> [Extracted records]
——

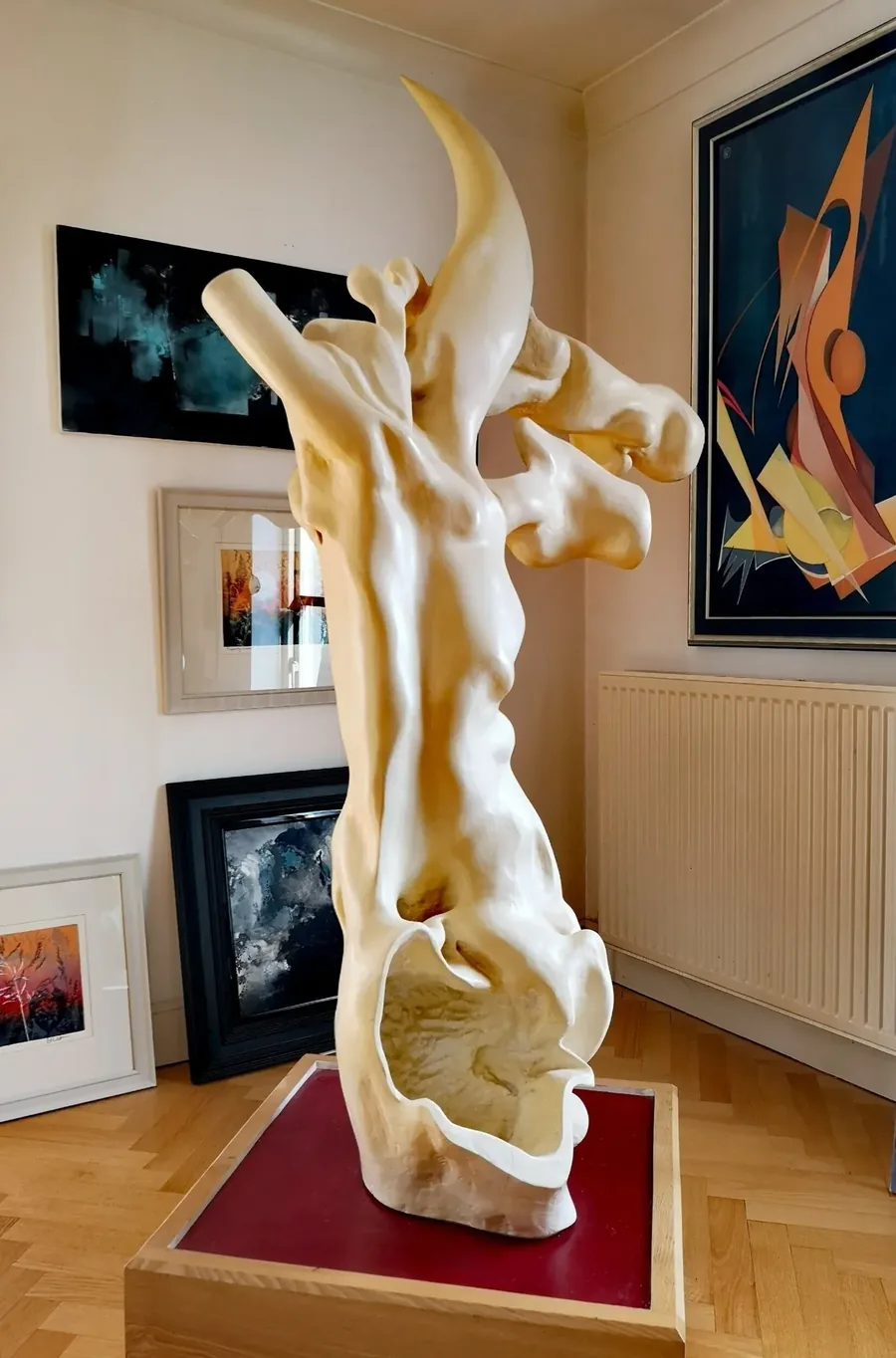 The White Hart, a carved wood sculpture by Bruce Thomson, a tall pale form rising to an antler-like crest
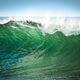 A wave of green water as the sun shines through it  - PhotoDune Item for Sale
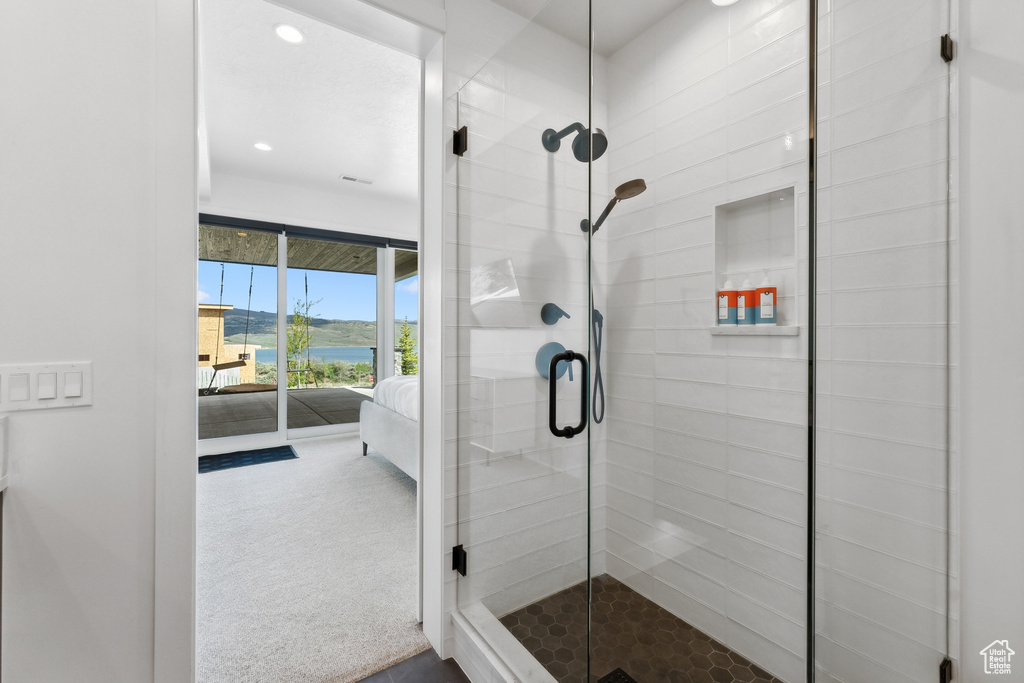 Bathroom with a shower with door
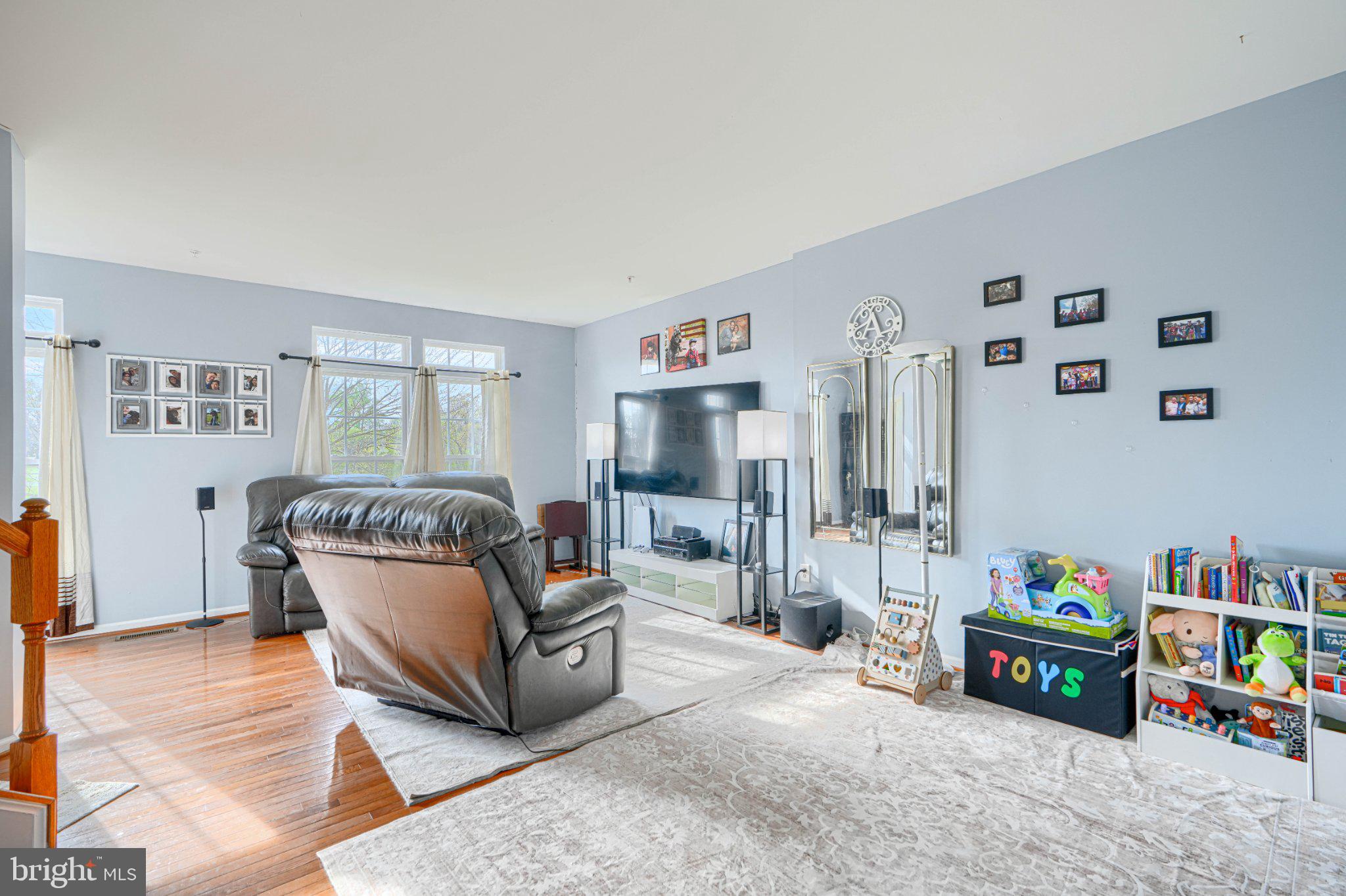 9307 Summit View Way Perry Hall, MD 21128 - Photo 8 of 26 a living room with furniture and a baby crib
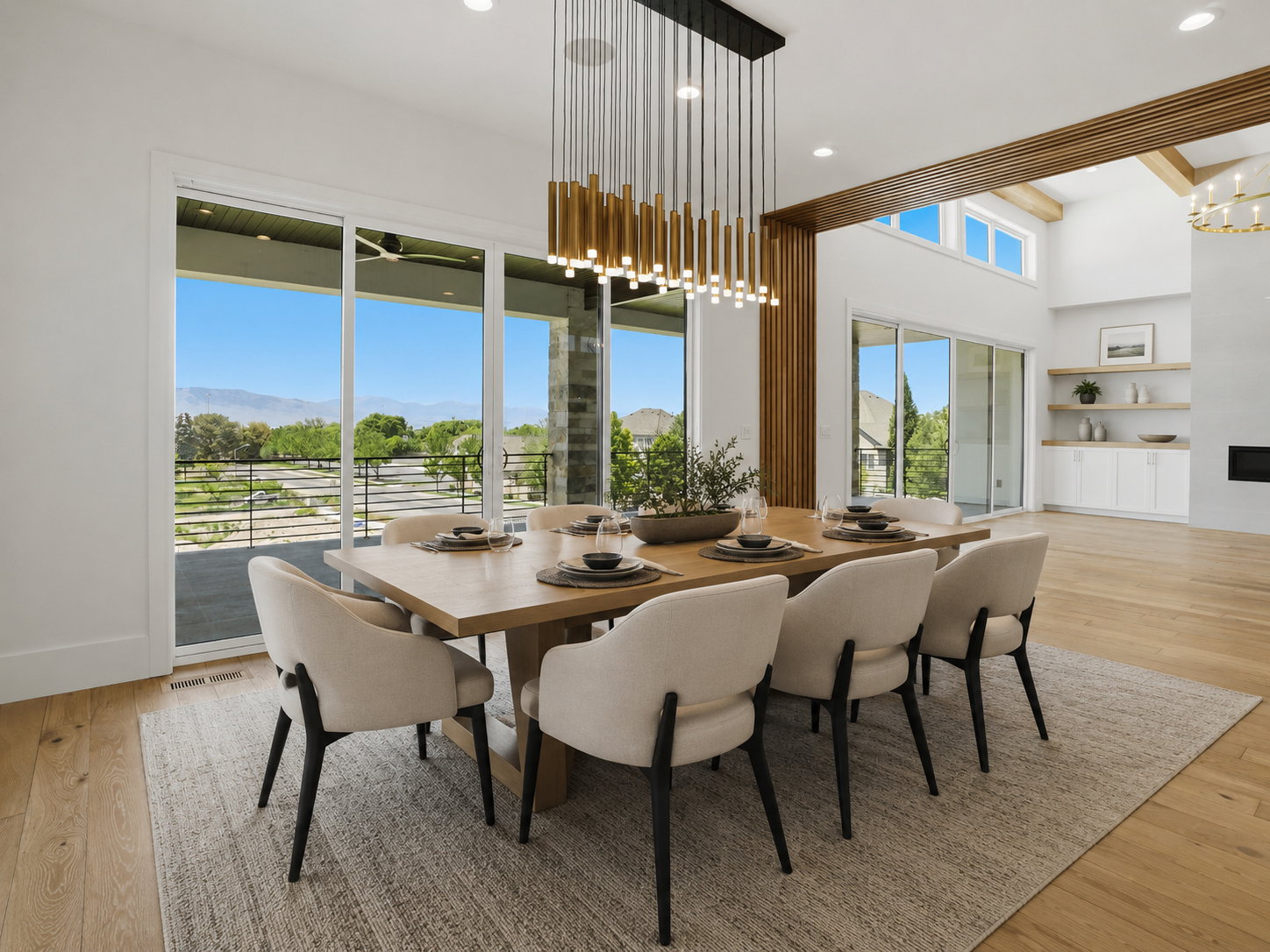 Spacious dining area featuring an expansive sliding glass door, contemporary linear chandelier, light wood-finish flooring, and a large wooden dining table AI Decor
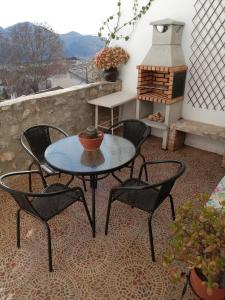 um pátio com uma mesa, cadeiras e um fogão em La casa de Tento em Tózar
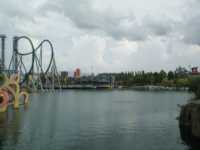 Lake with roller coaster to left, various amusement-park buildings in background, and landscaping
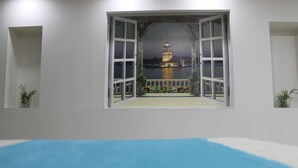 Une pièce dotée d’une grande fenêtre donnant sur un plan d’eau et sur une tour.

——

Copy out, with no pictures, the lines from the one containing "A wave of green" through the last line of the data above, both ends included and each word unchanged.

> [Your solution]
 A wave of green water as the sun shines through it  - PhotoDune Item for Sale
 Bathroom with a shower with door
 9307 Summit View Way Perry Hall, MD 21128 - Photo 8 of 26 a living room with furniture and a baby crib
 Spacious dining area featuring an expansive sliding glass door, contemporary linear chandelier, light wood-finish flooring, and a large wooden dining table AI Decor
 um pátio com uma mesa, cadeiras e um fogão em La casa de Tento em Tózar
 Lake with roller coaster to left, various amusement-park buildings in background, and landscaping
 Une pièce dotée d’une grande fenêtre donnant sur un plan d’eau et sur une tour.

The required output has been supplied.